Lines holding the string "Avenue" in the listing below are to be copied.

** The data follows **

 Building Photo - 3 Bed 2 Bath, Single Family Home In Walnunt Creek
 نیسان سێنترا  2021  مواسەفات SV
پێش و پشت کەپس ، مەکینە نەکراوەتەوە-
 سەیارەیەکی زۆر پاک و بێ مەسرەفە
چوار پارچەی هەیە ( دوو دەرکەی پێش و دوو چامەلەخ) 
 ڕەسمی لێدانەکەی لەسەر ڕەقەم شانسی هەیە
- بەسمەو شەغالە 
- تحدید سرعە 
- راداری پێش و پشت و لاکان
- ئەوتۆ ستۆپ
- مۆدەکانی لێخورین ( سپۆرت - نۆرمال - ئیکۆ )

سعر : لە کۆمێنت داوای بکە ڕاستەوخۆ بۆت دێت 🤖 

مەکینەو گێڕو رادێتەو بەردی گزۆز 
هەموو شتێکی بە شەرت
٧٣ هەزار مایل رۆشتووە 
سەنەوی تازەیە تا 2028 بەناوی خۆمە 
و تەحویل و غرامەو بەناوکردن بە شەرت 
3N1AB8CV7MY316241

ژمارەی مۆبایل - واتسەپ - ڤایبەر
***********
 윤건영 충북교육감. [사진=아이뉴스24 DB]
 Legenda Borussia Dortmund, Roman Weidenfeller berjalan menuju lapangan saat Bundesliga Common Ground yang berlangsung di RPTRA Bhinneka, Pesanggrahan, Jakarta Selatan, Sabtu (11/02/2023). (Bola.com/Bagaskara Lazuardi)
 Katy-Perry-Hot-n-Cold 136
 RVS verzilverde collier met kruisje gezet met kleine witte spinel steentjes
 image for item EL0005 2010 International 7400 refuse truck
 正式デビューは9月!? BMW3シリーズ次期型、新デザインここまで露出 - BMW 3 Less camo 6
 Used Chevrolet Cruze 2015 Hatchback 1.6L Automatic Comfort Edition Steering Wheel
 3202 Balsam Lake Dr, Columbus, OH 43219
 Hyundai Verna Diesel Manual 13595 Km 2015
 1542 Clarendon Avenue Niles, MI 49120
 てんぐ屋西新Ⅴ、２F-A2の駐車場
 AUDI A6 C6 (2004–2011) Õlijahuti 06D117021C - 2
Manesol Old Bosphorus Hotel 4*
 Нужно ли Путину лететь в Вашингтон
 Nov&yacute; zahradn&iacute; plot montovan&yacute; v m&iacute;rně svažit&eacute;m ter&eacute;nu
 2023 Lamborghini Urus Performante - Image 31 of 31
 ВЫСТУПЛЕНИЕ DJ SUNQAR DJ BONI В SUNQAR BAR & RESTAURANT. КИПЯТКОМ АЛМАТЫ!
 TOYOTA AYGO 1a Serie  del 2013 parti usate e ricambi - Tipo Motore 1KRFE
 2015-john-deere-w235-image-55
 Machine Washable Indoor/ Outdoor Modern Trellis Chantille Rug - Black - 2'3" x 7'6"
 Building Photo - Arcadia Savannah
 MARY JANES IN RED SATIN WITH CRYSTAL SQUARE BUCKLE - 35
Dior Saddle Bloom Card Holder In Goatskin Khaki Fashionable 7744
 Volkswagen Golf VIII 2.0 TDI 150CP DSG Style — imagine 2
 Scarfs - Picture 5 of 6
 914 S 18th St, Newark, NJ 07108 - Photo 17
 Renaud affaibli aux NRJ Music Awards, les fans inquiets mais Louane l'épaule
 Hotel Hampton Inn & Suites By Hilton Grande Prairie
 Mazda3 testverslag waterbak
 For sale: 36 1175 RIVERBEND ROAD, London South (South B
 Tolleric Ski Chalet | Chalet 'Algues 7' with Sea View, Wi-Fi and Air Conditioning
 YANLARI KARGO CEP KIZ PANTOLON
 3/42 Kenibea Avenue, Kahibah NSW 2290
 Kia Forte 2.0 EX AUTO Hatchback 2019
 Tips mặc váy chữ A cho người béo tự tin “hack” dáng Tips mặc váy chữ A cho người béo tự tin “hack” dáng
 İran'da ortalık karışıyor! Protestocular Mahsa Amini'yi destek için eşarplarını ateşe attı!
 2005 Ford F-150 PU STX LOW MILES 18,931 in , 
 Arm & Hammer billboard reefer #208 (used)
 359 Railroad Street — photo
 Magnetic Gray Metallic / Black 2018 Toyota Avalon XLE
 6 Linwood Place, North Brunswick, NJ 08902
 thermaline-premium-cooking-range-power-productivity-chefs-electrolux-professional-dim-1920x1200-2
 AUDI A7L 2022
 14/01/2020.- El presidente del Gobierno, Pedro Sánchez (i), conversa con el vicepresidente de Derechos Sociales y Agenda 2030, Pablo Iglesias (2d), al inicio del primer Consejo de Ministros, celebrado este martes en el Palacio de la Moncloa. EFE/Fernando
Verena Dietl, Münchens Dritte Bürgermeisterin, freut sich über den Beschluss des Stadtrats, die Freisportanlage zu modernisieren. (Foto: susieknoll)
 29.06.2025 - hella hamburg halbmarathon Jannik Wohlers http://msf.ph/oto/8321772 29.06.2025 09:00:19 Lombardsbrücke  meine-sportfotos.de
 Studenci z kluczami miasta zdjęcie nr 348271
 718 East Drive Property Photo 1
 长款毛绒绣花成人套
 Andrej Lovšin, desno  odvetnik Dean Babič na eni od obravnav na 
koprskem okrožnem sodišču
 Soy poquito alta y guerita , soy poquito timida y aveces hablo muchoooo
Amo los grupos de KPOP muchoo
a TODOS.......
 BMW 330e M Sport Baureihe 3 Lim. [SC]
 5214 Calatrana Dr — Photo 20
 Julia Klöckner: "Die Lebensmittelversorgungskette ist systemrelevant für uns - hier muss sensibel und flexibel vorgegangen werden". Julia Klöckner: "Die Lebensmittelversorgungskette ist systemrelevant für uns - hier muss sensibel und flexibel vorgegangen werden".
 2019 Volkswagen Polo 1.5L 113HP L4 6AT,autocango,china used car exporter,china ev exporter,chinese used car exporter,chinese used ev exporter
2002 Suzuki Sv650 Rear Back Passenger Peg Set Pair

** End of The data **

Solution to the exercise -
 1542 Clarendon Avenue Niles, MI 49120
 3/42 Kenibea Avenue, Kahibah NSW 2290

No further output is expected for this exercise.